The research study, “On the Verge of a White Collar Gig Economy: On-Demand Workforce Trends According to Today’s Business Leaders," was commissioned by Mavenlink, a provider of cloud-based software for the modern services organization and a Gartner Cool Vendor.
Top findings include:
- 94% of business leaders plan to continue using or expand their use of skilled contractors for specialized roles in the next year.
- 79% of executives state leveraging contractors is a competitive advantage, citing an increase in agility as the primary benefit.
- 47% state they are looking to hire contractors to fill management and senior executive roles, including c-suite contractors.
- 69% of organizations have inadequate support structures and policies for managing on-demand talent, and 77% state they do not understand what changes are required to better manage contractors.
- 63% of executives would switch to a contract model, given the opportunity.
- Job security--not benefits--is the number one reason full time employees remain in their role. 62% of white collar workers prioritize security, while only 23% rate benefits as the most important.

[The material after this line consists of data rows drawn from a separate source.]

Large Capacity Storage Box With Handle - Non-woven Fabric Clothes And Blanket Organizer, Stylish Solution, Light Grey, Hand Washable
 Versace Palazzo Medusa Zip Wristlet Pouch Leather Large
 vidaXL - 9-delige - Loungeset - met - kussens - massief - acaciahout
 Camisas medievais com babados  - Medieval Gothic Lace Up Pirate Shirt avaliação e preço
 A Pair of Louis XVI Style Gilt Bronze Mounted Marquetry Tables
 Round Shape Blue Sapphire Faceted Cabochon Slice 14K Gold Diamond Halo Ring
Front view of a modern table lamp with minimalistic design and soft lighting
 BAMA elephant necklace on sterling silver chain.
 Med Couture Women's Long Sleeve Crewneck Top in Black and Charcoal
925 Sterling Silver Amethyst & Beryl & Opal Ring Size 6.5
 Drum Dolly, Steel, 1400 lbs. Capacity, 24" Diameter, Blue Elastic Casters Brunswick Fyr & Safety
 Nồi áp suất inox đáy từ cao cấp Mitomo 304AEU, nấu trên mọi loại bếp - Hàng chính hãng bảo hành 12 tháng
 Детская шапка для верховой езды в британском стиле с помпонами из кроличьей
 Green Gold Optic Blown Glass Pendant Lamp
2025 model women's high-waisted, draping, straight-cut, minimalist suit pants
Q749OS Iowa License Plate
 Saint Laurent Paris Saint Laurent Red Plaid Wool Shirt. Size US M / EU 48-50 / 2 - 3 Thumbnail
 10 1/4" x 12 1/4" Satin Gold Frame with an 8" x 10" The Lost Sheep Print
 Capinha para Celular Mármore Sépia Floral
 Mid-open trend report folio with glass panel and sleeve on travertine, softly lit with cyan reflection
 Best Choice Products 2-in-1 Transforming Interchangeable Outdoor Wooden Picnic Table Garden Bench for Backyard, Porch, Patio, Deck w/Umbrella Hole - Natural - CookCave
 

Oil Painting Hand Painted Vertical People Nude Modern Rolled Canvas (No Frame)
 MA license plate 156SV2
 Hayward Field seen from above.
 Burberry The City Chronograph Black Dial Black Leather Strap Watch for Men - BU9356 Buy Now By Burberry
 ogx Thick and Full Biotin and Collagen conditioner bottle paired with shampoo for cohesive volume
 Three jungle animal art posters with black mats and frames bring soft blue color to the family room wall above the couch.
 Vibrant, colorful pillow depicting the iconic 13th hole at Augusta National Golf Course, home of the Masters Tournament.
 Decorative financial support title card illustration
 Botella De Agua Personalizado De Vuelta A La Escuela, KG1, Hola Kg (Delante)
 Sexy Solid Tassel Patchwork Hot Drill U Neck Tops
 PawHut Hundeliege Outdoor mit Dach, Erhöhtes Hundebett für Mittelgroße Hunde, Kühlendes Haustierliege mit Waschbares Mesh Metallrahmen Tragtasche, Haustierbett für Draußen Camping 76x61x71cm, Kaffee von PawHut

Trend One: On-Demand Workers: A Competitive Advantage
Business landscapes are changing at an unprecedented rate, and the accelerated pace of work has made rapid adaptability crucial for success. Traditionally, enterprises have heavily valued in-house resources, but those structures no longer function as effectively. Companies need to evolve, expand, and change direction faster than they can hire and train, or implement new processes. As a result, they’ve turned to third-party contractors for on-demand support.
According to the research found in “On the Verge of a White Collar Gig Economy”, 61% of business leaders consider agility critical to success, and 79% consider the use of contractors to be a competitive advantage. All of these also intend to increase their utilization of contractors over the next year. This will allow them to scale at will, accessing a broader pool of talent and workers with more specialized skills, without heavy financial or time investments.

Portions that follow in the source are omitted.